Below, we’d look at a side-by-side comparison of the flagship models of the two vehicles to see how each vehicle stack up against the other.
Mitsubishi Xpander vs Honda BR-V: Dimensions
When it comes to size, the Xpander is more robust compared to the BR-V. It’s longer by 22 mm; wider by 15 mm, and taller by 34mm. And with almost the same ground clearance, the interior cabin would definitely feel roomier and would have ample leg space. Let’s face it, nobody wants to be seated in the cramp third row for long drives unless absolutely necessary. So the third-row seats come naturally folded to provide more cargo space.
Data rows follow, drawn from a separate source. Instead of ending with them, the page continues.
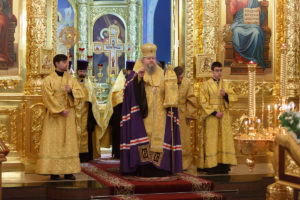 31.12.2018 года епископ Корнилий молился на вечернем богослужении г.Волгодонск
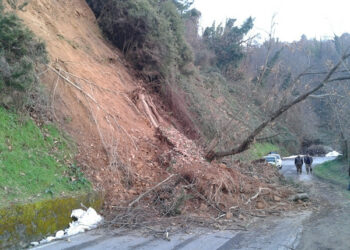Smottamenti, frane e crollo abitazioni a Campana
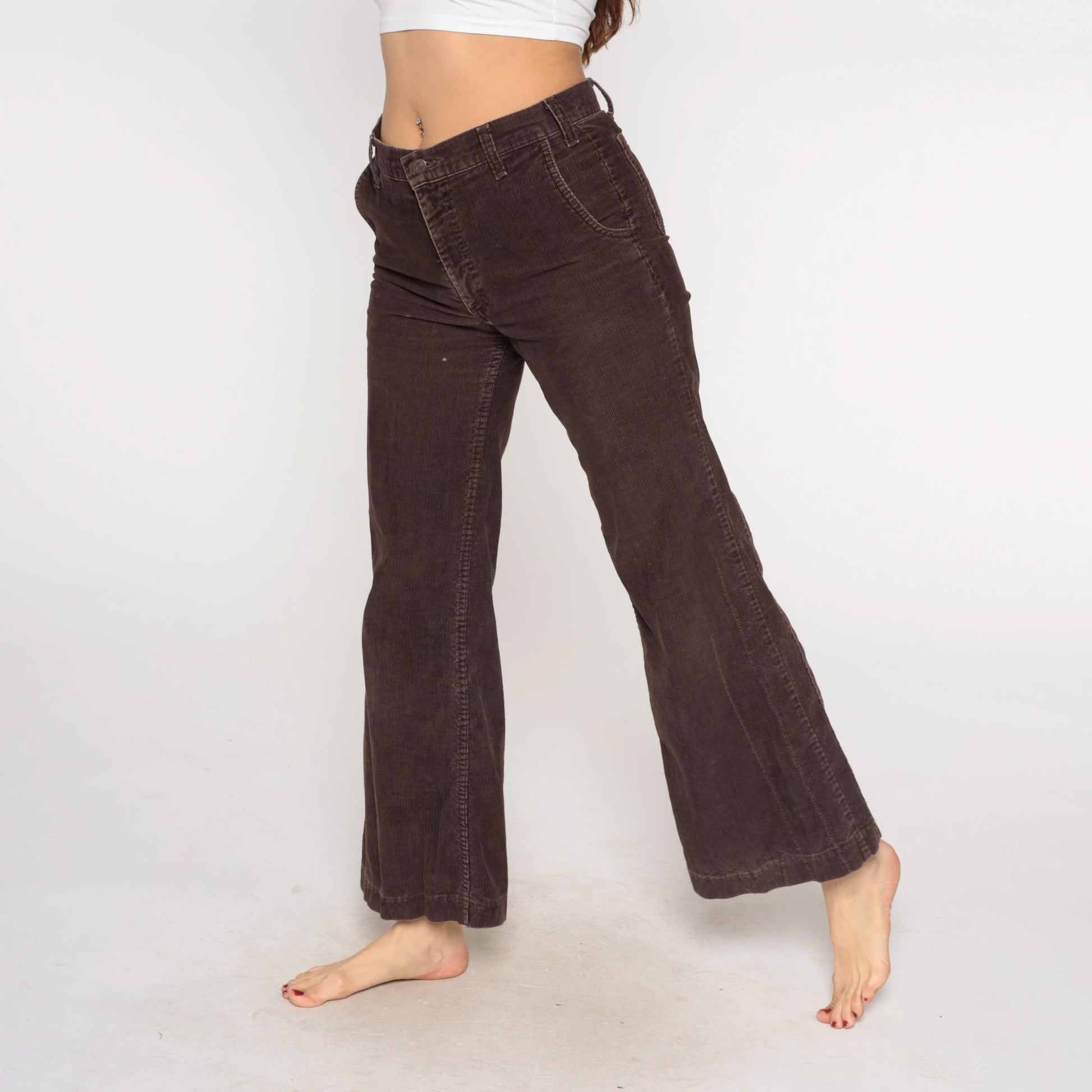 70s Levi's Brown Corduroy Bell Bottom Flared Pants High Rise Medium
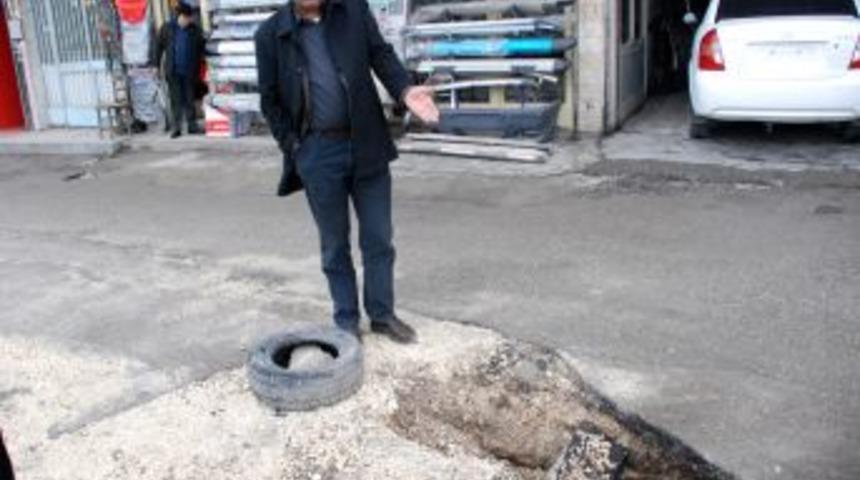 Esnaf, &ccedil;&ouml;ken yol i&ccedil;in yetkilileri g&ouml;reve &ccedil;ağırdı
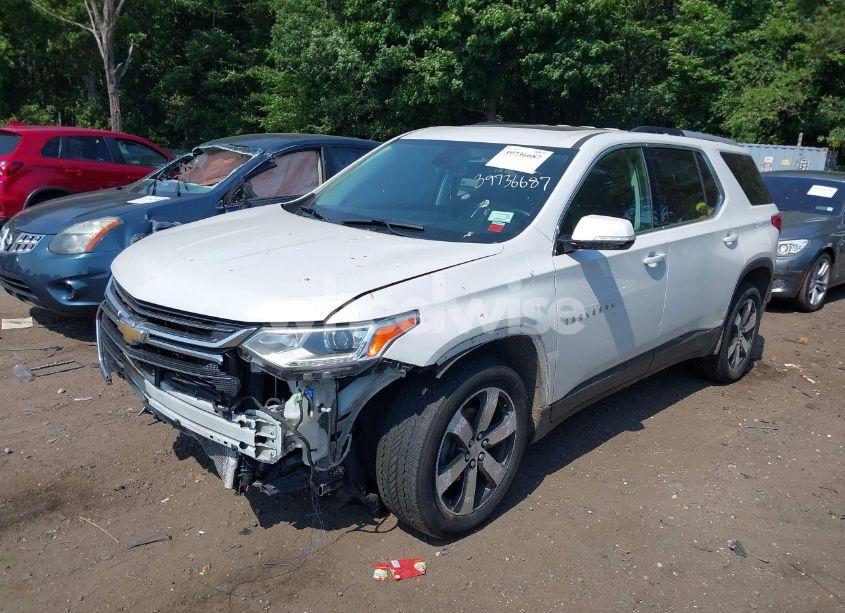 Photo 2 of 2018 Chevrolet Traverse 3LT (VIN 1GNEVHKWXJJ225035)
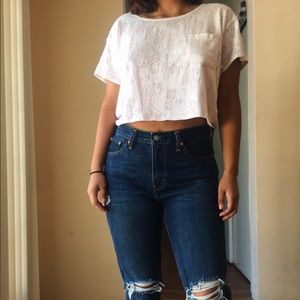 Light pink floral imprint crop top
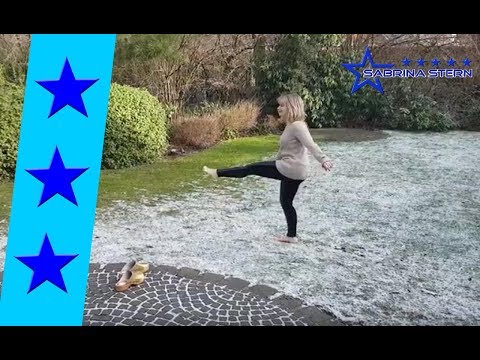 Barefoot In The Snow - Sabrina Stern barfuß im Schnee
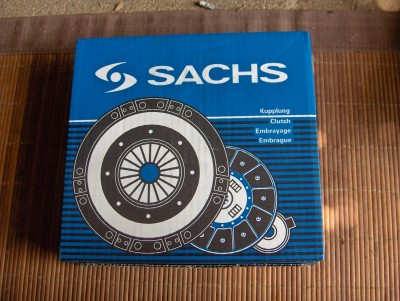 Ensemble Sachs,pour les interessés,il y a la référence...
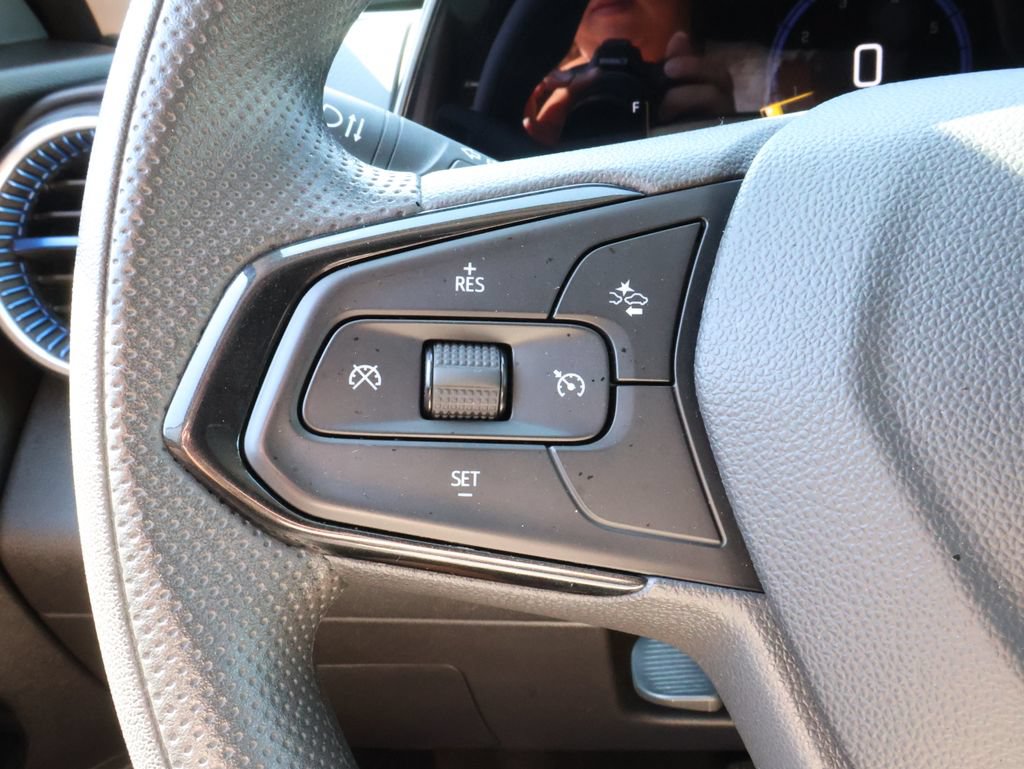 Used 2025 Chevrolet Trax LT FWD image 24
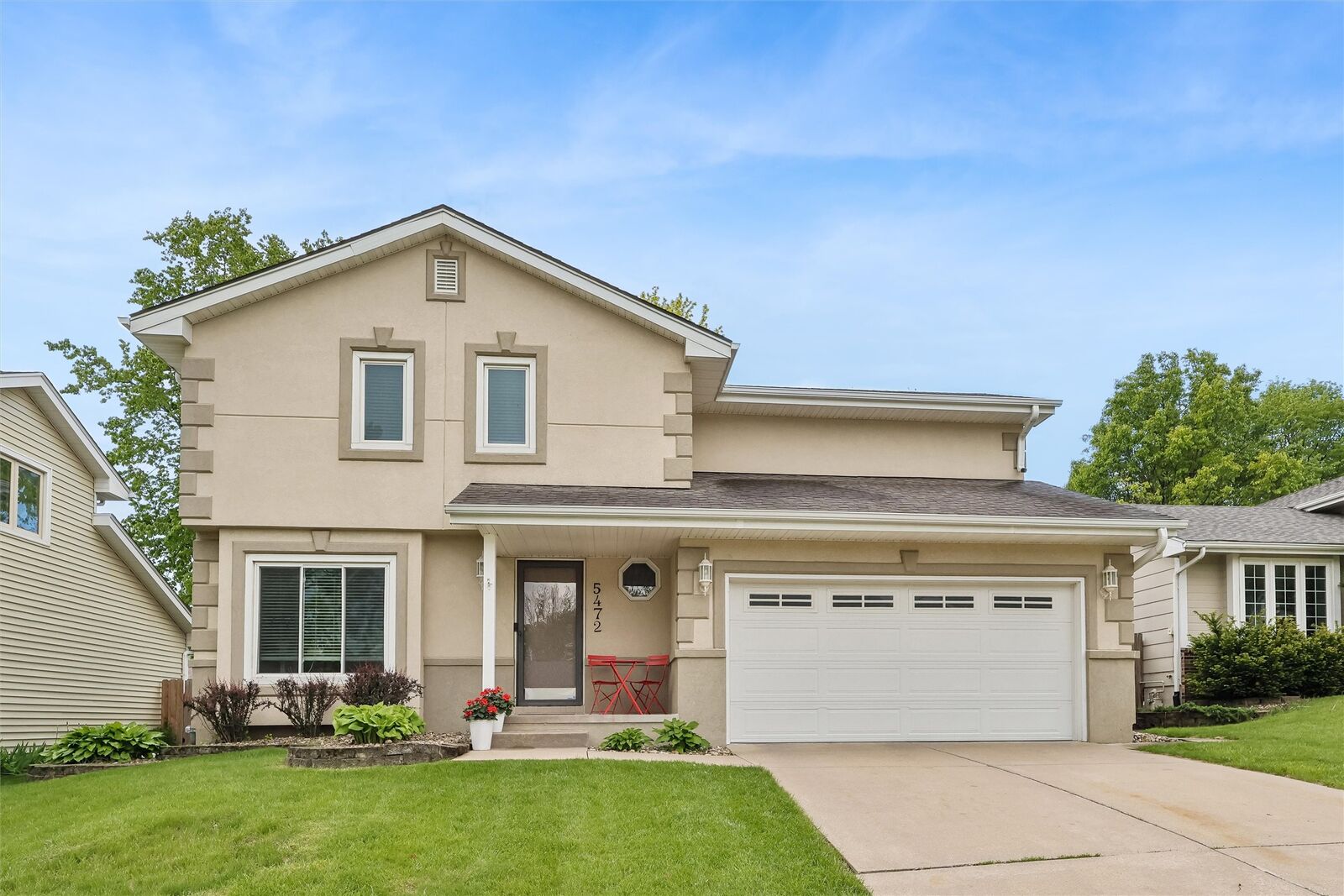 Property Photo:  5472 Dakota Drive  IA 50266 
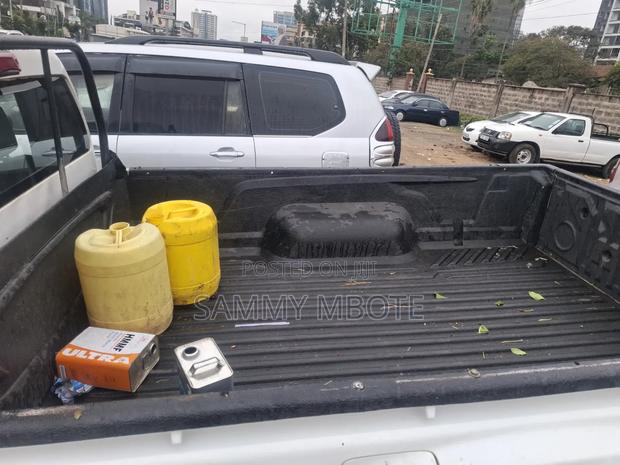 Isuzu D-MAX 2022 White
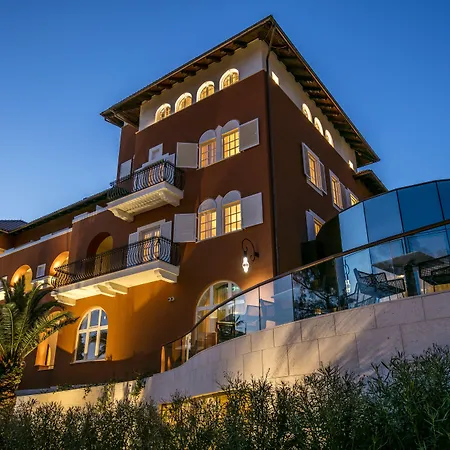 Boutique Alhambra Отель Мали-Лошинь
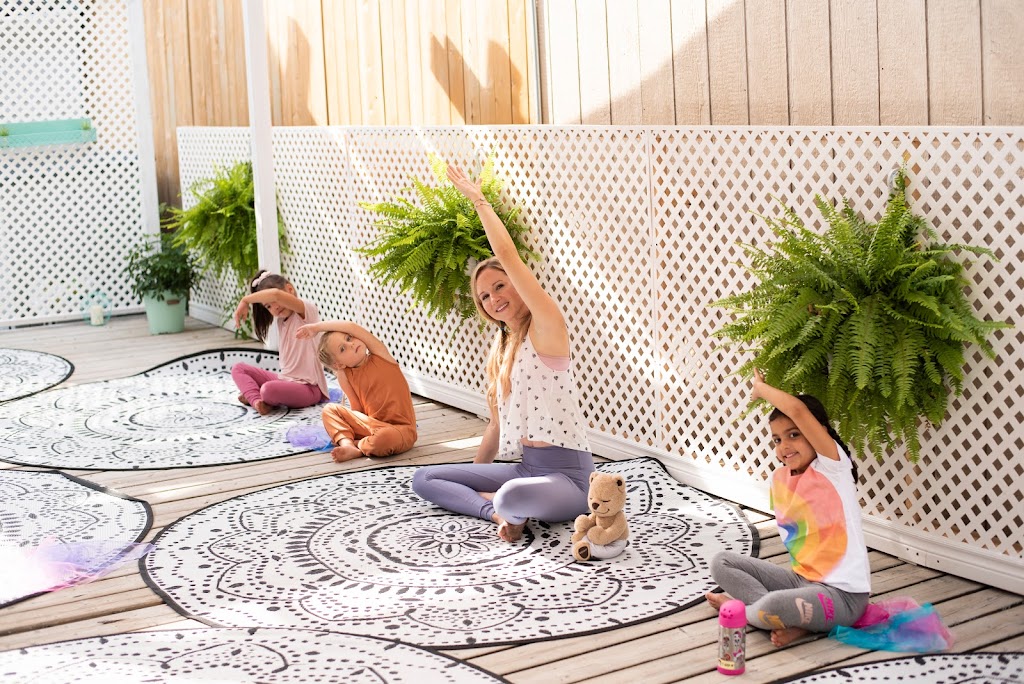 Little Yogis Academy | 92 Roe Ave, Toronto, ON M5M 2H7, Canada | Phone: (647) 403-2973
For the BR-V, the process is more tedious— the backrest has to be folded down, pull a lever to flip the seat forward, then hook it to the second-row headrest to keep it secure. The Xpander’s process is easier and more streamlined, where the third (and second) row neatly folds flat. Simply pull the tab to either set or stow the seats. That's easy.
Mitsubishi Xpander vs Honda BR-V: Exterior
The Xpander is like the mini-version of the Montero Sport. The front fascia is dominated by the second generation Dynamic Shield concept with bumper embedded taillights to minimize glare for oncoming traffic and pedestrians, a very practical yet stylish design choice.
On the other hand, the HR-V sports a new front and rear bumper design highlighted by chrome front grille and chrome trims on the side sill protector and door handles to round up the look. The additional black over-fenders, side skirts, front and rear bumper covers, and roof rails— which the Xpander doesn’t have, gives the BR-V the complete crossover look. The BR-V comes in six color options while the Xpander has five.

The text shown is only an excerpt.